As a 35-year veteran wireless trail blazer, experienced in military, GPS, and commercial network developments, I can bear witness to the continuing evolution of information being available or sharable on demand wherever and whenever a decision is being made or an event is taking place. Back when we had “car phones”, in the 90’s, commercial wireless network providers began their service offerings to traffic on roadways, then they migrated to outdoor population centers and subsequently indoor population centers, which caused a silent revolution to take place. The revolution was that the majority of wireless traffic moved from outdoors to indoors, and the majority of network problems (blocked or dropped sessions) occurred during attempted indoor use. In fact, indoor usability became the largest factor in creating churn among the wireless service providers (WSP’s).
Each WSP approached the indoor customers differently; some put transportation centers at a higher priority than sports arenas, some put residential customers at a higher priority than business customers. However, by the mid-2000’s, providing ubiquitous coverage meant including indoor space as part of everyone’s strategic objectives. By 2010, demand had exceeded supply, and at one of the DAS conferences the following year, AT&T bragged about getting 1,000 venues on the air in a year’s time …then they alerted us to the fact that while they were executing on the 1,000 venues, requests had come in from 3,000 more. The WSP’s simply could not and cannot keep up with the demand for high quality, ubiquitous in-building service.

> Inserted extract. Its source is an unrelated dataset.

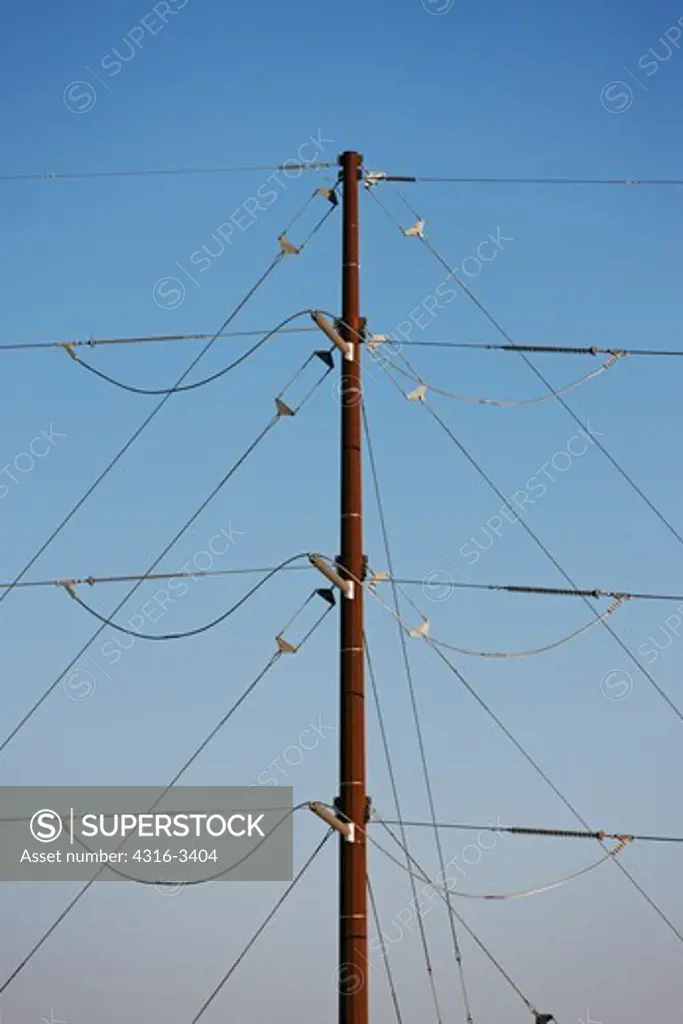 High voltage power lines at a wind farm.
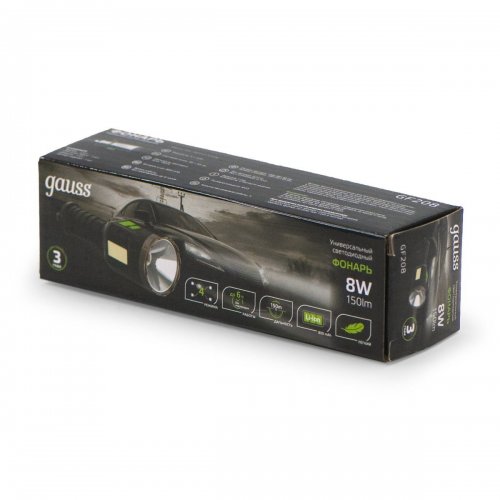 Ручной светодиодный фонарь Gauss аккумуляторный 178х38 150 лм GF208 Ручной светодиодный фонарь Gauss аккумуляторный 178х38 150 лм GF208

The demand for service continues to increase, especially in the data domain. HD calls, the Internet of Things, our increasing passion to share our experiences combined with the business world’s need to always be connected to opportunities are among the forces expected to drive data demand up 100-fold in the next 5 years. In larger venues, where the WSP’s have provided solutions, the dominant DAS technology used fiber optic subsystems as their distribution back bone. These systems are exquisite for distributing capacity from multiple service providers over millions of square feet and to thousands of subscribers at a time. However, if you typically spend your indoor time in buildings of only tens or hundreds of thousands of square feet, with populations in the hundreds, you are likely in a wireless environment with a less than 40 percent satisfaction quotient … until now.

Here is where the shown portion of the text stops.